There is a difference, however, as cargo can only be transported between parts of the United States on American ships. America’s founding fathers coveted in our first great law (public law 1-2) that cargo between American ports uses ships that were built in America, an idea that is currently codified in the Jones Law. Since America is unlikely to abandon the principle of its oldest law, domestic shipping is impossible without enough America-built ships.

The consequence of neglect of the domestic shipping and port infrastructure are more traffic jams on the roads and rails of our country as well more pollution. Transportation is the greatest source of Greenhouse gas emissions (almost 30%) and transport by truck is far less environmentally friendly than by ship. Freight traffic faces various congestion problems in order to keep pace with our ever-increasing movement of goods on a fixed number of rails. Investing more in expanding US inland shipping capabilities is critical to building a sustainable infrastructure system for the future.
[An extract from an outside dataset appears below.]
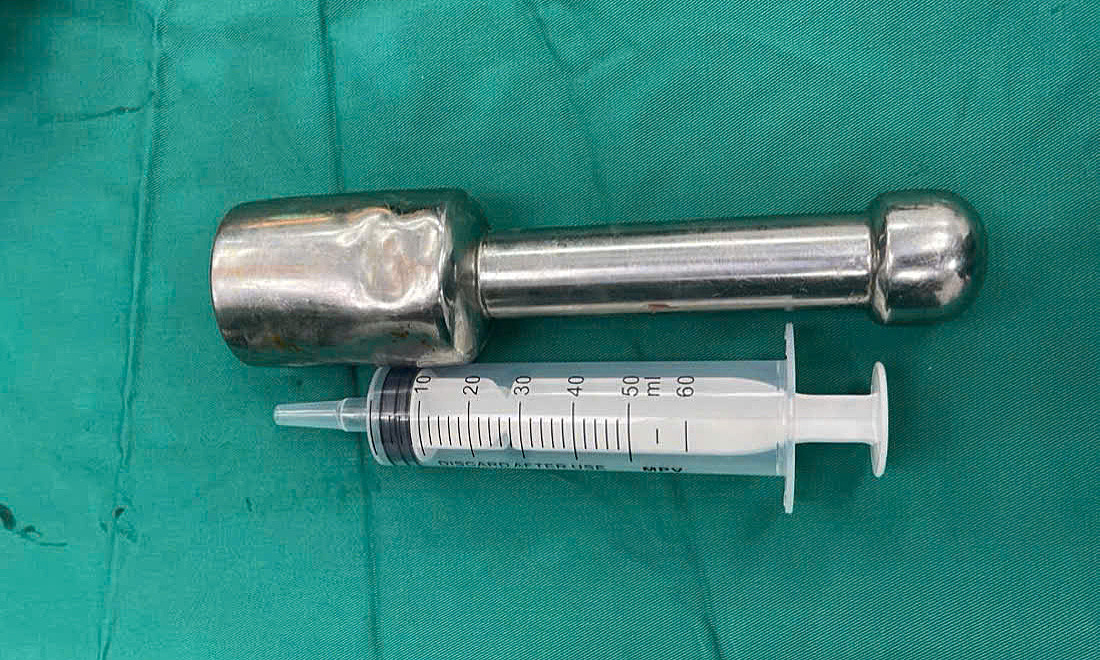 Teenager inserts 18 cm pestle into rectum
The Biden team emphasizes a foreign policy for the American middle class. Combining efforts to strengthen the US Navy with a wider effort to strengthen the civilian dimensions of American maritime capabilities would bear economic, environmental, military, and political fruits. A better plan would build on the SHIPYARD Act, but instead of leveraging the DPA authority, it would instead include funding for dredging, port rehabilitation, American shipbuilding, and marine science. The Navy, the Department of Transportation, commercial port operators and shipbuilders should work together to develop plans to maximize this investment. Congress must recognize the links between military and commercial shipbuilding, and recognize that investing in commercial shipping will save Uncle Sam on defense spending and create quality middle-class jobs.

This is the infrastructure moment and a moment to ponder American infrastructure in the context of the world. Expanding the opening of the opening and making the link between the commercial and military dimensions of maritime capacity will benefit America’s economy and environment and improve our national security.